Im Juli vergangenen Jahres griff die Polizei mit einem größeren Aufgebot in eine häusliche Auseinandersetzung in Waakirchen ein. Ein bereits polizeibekannter 33-Jähriger habe seinen Vater angegriffen, lautete der Notruf, der an die Einsatzwagen ging.
Mit gleich vier Streifenwagen fuhren die Beamten zu dem Haus, wo zusätzlich fast zeitgleich ein Rettungswagen eintraf. Eine der Beamtinnen vor Ort war beim heutigen Verfahren als Zeugin geladen. Als sie ankam, fand sie einiges Chaos vor.
Vater-Sohn-Streit und verwüstete Wohnung
Der Waakirchner, der wegen Körperverletzung angeklagt war, stand damals bereits vor dem Haus. Er selbst war aufgebracht, verletzt und wollte sich zunächst nicht behandeln lassen. Auch sein Vater, der den Notruf abgesetzt hatte, wies Schnittwunden an Armen und im Gesicht auf. „Die beiden stritten immer noch“ erzählte die Beamtin vor Gericht. „Sie waren kaum zu trennen.“ Die Wohnung war ein Trümmerfeld.
Der Angeklagte verweigerte bei der heutigen Verhandlung jede Aussage, aber ließ durch seinen Verteidiger ein ärztliches Attest vorlegen. Demnach ist der Landschaftsgärtner bereits seit zwölf Jahren schwer an Diabetes erkrankt. Die Krankheit ist bei ihm so stark, dass enorme Blutzuckerschwankungen vorkommen können.

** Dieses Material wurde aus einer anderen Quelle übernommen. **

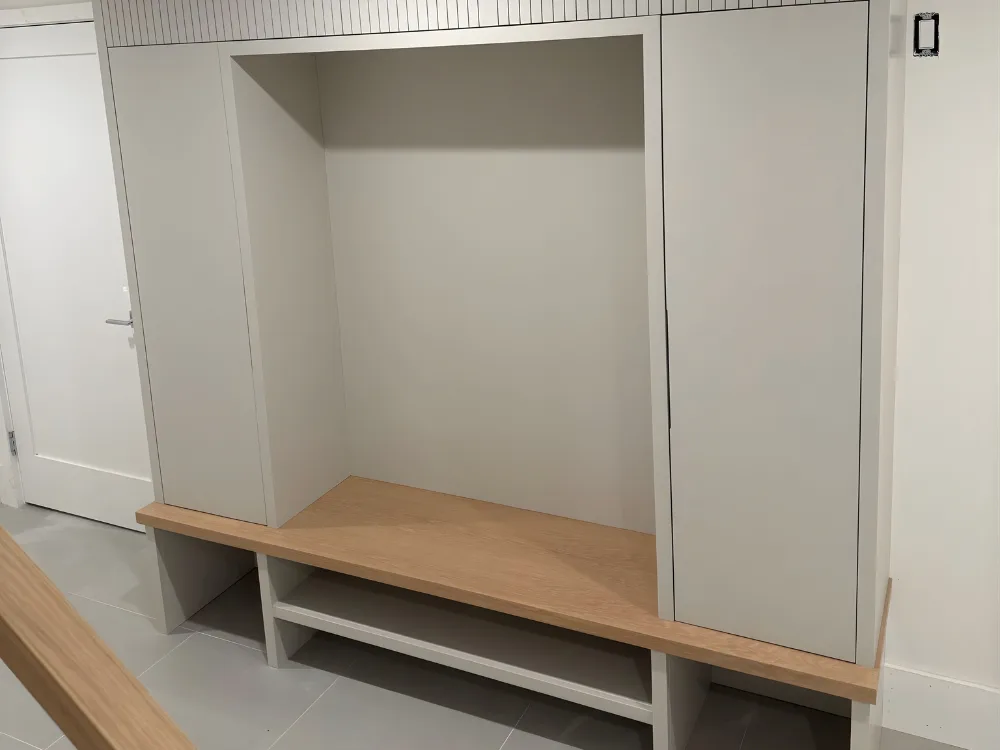 Custom mudroom built-in with bench and open storage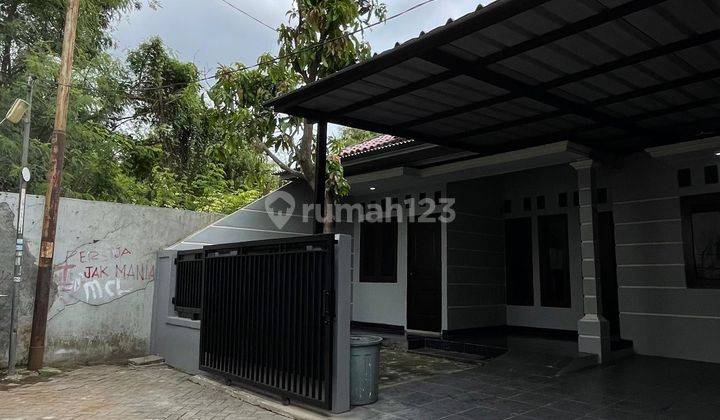 garasi/carport dijual rumah siap huni, 5
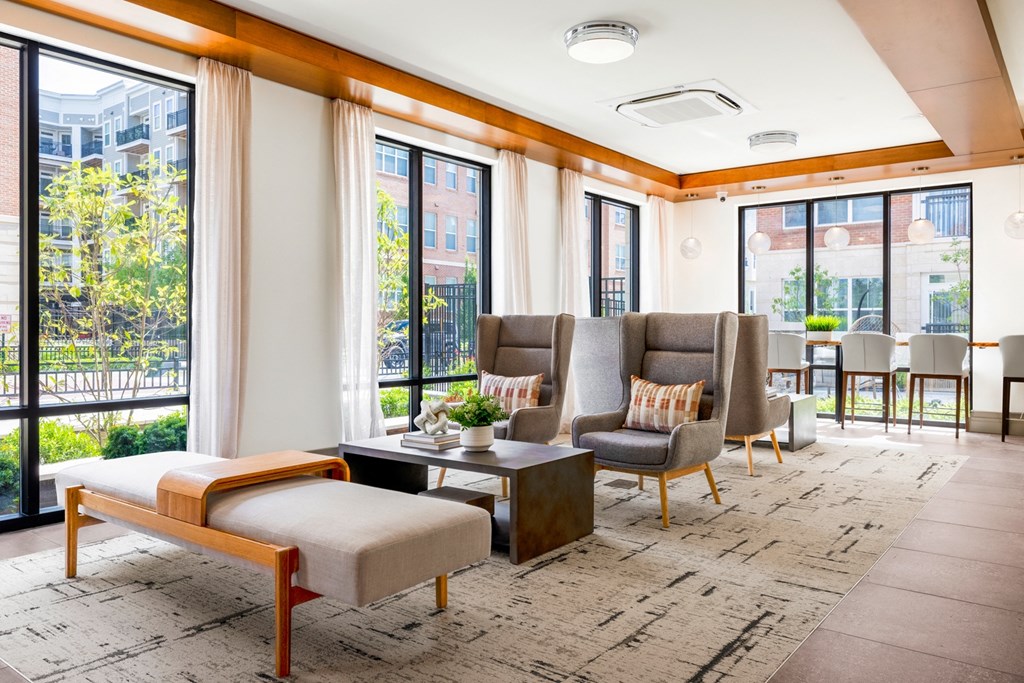 a seating area with chairs and a coffee table in a room with large windows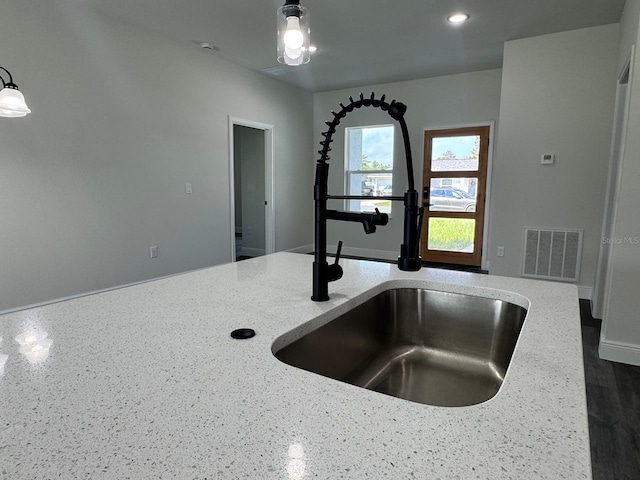 interior details featuring pendant lighting, light stone countertops, dark wood-type flooring, and sink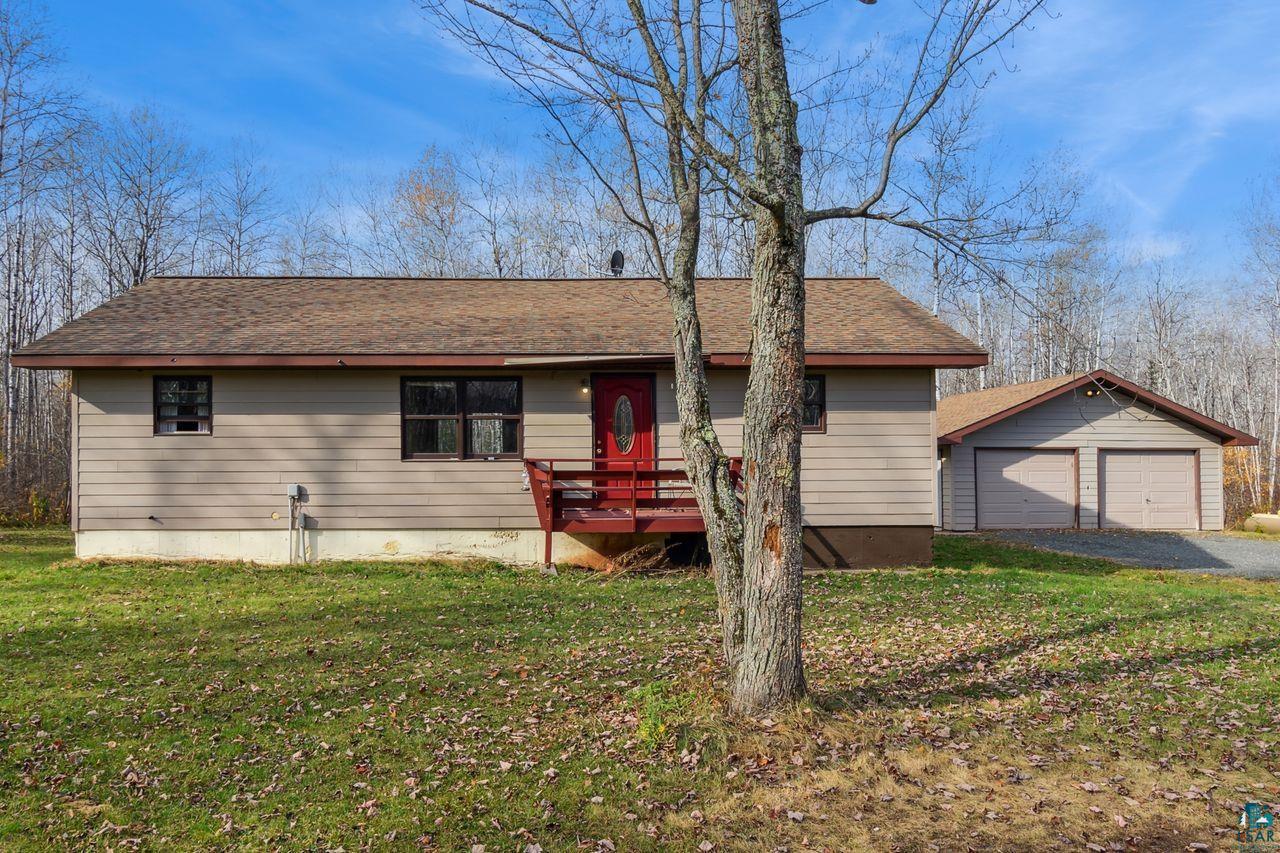 View of front of property featuring a wooden deck, a front yard, an outbuilding, and a garage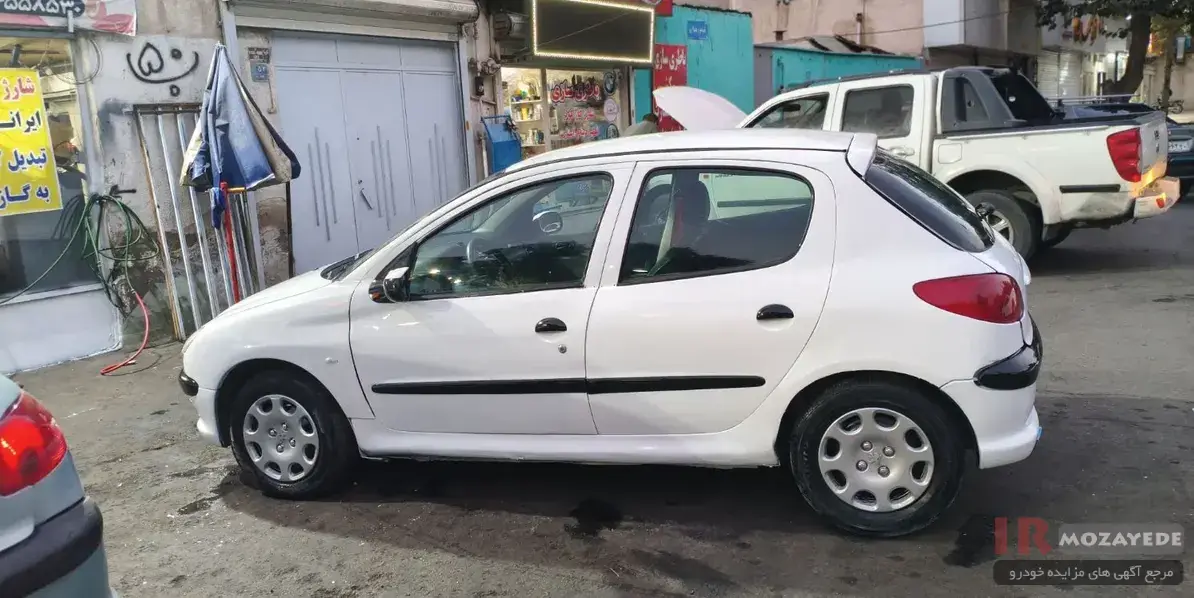  آخرین مهلت نام نویسی مزایده 550/000/000 تومانی پژو  206 TU5 رنگ : سفید مدل : 99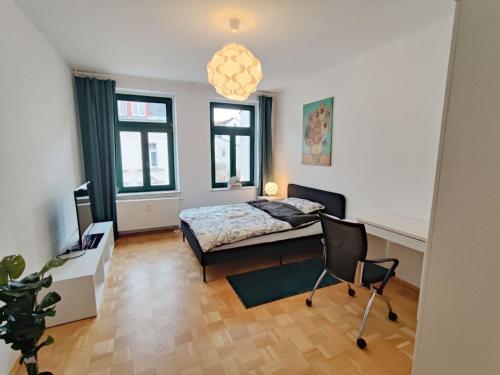 a bedroom with a bed and a table and chairs at Lebensfreude in Markkleeberg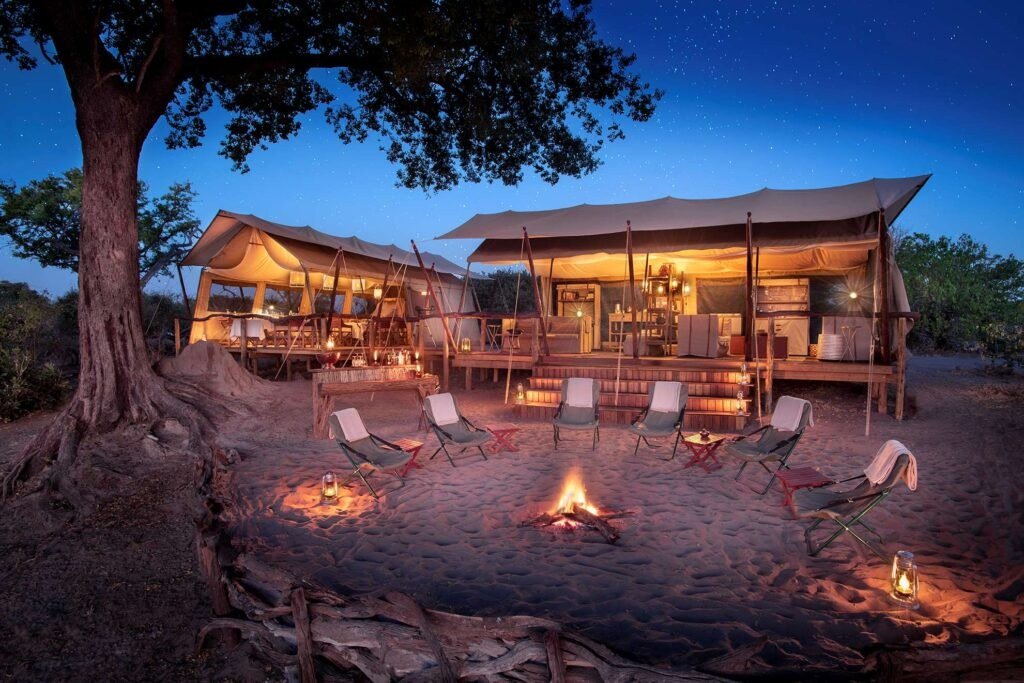 Campfire and lounge chairs under a large tree at dusk at Linyanti Expeditions, Chobe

In dem Befund des Hausarztes, der von Richter Walter Leitner verlesen wurde, heißt es weiter, dass die Krankheit mit Verwirrtheit und Aggression einhergeht und dass Entgleisungen, aber auch ein Koma vorkommen können. Nachdem der Angeklagte an besagtem Abend überzeugt werden konnte, sich mit dem Krankenwagen in die Klinik fahren zu lassen, wurden dort in der Tat drastisch überhöhte Blutzuckerwerte festgestellt.
Ein Fall für die Polizei oder den Arzt?
Wie der Beschuldigte wollten auch weder Vater noch Bruder vor Gericht zu dem Fall aussagen und machten von ihrem Zeugnisverweigerungsrecht Gebrauch. Der Vater hatte das Gericht schriftlich davon informiert. Leitner las den Brief auszugsweise vor. Darin hieß es, der Vater habe den Notruf zum Schutz seines Sohnes angerufen und nicht um diesen anzuzeigen. Weiter im Brief:
Da es jetzt dadurch zu einem Strafverfahren gekommen ist, werde ich zukünftig genau überlegen, ob ich wieder einen Notruf absetze.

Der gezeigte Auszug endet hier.